Week 5: The Psychology of Building Resilience
Day 35 – Practice Makes Perfect
1. Build their executive functioning.
Strengthening their executive functioning will strengthen the prefrontal cortex. This will help them manage their own behaviour and feelings, and increase their capacity to develop coping strategies. Some powerful ways to build their executive functioning are:
• establishing routines;
• modelling healthy social behaviour;
• creating and maintaining supportive reliable relationships around them;
• providing opportunities for their own social connections;
• creative play;
• board games (good for impulse control (taking turns), planning, working memory, and mental flexibility (the ability to shift thoughts to an alternative, better pattern of thought if the situation requires);
• games that involve memory (e.g. the shopping game – ‘I went shopping and I bought a [puppy]’; the next person says, ‘I went shopping and I bought a [puppy and a bike for my t-rex]’; next person … ‘I went shopping and I bought [a puppy, a bike for my t-rex and a hot air balloon] – the winner is the last one standing who doesn’t forget something on the shopping list;
• giving them opportunities to think and act independently (if they disagree with you and tell you why you’re wrong, there’s a plus side – their executive functioning is flourishing!);
• providing opportunities for them to make their own decisions.

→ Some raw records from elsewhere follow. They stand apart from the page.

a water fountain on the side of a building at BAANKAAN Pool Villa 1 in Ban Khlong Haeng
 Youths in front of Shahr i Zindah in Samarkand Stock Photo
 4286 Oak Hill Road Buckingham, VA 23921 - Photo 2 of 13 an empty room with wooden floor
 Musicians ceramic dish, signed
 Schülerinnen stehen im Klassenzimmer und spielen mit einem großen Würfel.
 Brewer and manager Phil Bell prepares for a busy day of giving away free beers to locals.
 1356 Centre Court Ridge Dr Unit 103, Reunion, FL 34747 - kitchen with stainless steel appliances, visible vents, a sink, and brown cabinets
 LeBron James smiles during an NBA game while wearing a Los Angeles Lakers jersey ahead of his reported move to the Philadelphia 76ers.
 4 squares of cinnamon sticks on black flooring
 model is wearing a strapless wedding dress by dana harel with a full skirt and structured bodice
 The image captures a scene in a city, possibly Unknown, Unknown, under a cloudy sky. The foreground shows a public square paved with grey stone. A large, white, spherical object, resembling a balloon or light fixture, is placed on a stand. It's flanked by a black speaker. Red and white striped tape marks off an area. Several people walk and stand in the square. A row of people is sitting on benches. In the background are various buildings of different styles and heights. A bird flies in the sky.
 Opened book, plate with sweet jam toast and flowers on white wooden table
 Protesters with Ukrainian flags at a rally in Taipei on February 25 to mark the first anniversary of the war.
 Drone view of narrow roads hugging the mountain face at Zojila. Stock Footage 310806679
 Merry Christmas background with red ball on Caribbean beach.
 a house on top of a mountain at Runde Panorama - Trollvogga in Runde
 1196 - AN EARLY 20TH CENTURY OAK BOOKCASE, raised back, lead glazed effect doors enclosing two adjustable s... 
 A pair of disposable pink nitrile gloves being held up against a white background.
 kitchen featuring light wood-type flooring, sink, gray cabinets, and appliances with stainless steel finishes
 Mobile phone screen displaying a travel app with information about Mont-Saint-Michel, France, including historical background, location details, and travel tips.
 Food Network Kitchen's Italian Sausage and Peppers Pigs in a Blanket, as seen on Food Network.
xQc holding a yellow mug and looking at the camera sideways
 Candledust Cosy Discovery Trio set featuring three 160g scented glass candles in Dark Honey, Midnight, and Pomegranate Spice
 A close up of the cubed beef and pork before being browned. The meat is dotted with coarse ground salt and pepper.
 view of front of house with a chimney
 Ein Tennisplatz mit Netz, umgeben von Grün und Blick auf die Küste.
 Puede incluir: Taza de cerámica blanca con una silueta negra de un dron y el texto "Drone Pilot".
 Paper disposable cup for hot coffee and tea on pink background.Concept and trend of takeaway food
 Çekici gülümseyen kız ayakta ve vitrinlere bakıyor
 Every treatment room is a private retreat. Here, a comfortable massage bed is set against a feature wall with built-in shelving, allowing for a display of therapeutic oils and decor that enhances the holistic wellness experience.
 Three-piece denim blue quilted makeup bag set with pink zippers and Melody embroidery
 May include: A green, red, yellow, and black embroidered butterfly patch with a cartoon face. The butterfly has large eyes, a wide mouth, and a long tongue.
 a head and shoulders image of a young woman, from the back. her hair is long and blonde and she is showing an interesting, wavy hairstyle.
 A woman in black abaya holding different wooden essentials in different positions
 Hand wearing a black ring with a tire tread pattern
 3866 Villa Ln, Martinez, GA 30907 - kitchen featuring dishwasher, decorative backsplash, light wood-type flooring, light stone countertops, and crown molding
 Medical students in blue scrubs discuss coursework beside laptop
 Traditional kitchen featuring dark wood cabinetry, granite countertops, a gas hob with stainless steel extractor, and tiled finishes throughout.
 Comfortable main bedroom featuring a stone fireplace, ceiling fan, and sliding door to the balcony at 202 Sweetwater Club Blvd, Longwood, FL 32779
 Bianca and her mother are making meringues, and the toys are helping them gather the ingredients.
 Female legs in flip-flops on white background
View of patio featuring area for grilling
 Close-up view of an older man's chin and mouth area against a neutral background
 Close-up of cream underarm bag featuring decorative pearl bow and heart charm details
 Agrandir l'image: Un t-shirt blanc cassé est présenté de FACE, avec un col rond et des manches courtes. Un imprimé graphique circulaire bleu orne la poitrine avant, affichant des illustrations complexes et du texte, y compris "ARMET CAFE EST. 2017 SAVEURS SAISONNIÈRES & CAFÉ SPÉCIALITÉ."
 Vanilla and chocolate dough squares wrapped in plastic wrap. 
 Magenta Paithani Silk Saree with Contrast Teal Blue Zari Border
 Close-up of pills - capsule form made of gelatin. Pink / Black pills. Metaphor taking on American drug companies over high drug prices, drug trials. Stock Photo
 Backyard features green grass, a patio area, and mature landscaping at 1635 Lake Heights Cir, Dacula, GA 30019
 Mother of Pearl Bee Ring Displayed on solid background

Exercise strengthens and reorganises the brain to make it more resilient to stress. One of the ways it does this is by increasing the neurochemicals that can calm the brain in times of stress. Anything that gets kids moving is stellar, but of course, if you can make it fun that pretty much grants you hero status. Here are some ideas, but get them thinking and they’ll have plenty of their own:
• throw a frisbee;
• kick a ball;
• give a hula-hoop a spin;
• dance stars;
• walk the dog;
• superhero tag (the tagged one stands in the middle of a circle on the ground, a superhero saves them by using their superhero powers to fly with running feet through the circle);
• detective (in the park or backyard … first one to find five things that are green; or five things starting with ‘s’; or seven things that could be used for dress-ups; or ten things that smell gorgeous – ready, set, go!).
3. Build their problem-solving toolbox.
Self-talk is such an important part of problem-solving. Your words are powerful because they are the foundation on which they build their own self-talk. Rather than solving their problems for them, start to give them the language to solve their own. Some ideas:
• What would [someone who they see as capable] do?
• What has worked before?
• Say as many ideas as you can in two minutes, even the silly ones? Lay them on me. Go.
• How can we break this big problem into little pieces?
So say, for example, the problem is, ‘What if I miss you or get scared when I’m at Grandmas?’ Validate them first, then start giving them the problem-solving language without handing them solution,
‘You might miss me. I’ll miss you too. It’s really normal to miss people you love, even if you’re with people you love being with. What do you think might help if that happens?’ or, ‘What would [Superman/ Dad/ big sister who is practicing to rule the universe] do?’ or ‘What sort of things do you do here at home that help you to feel cozy or safe?’ I know you always have great ideas.’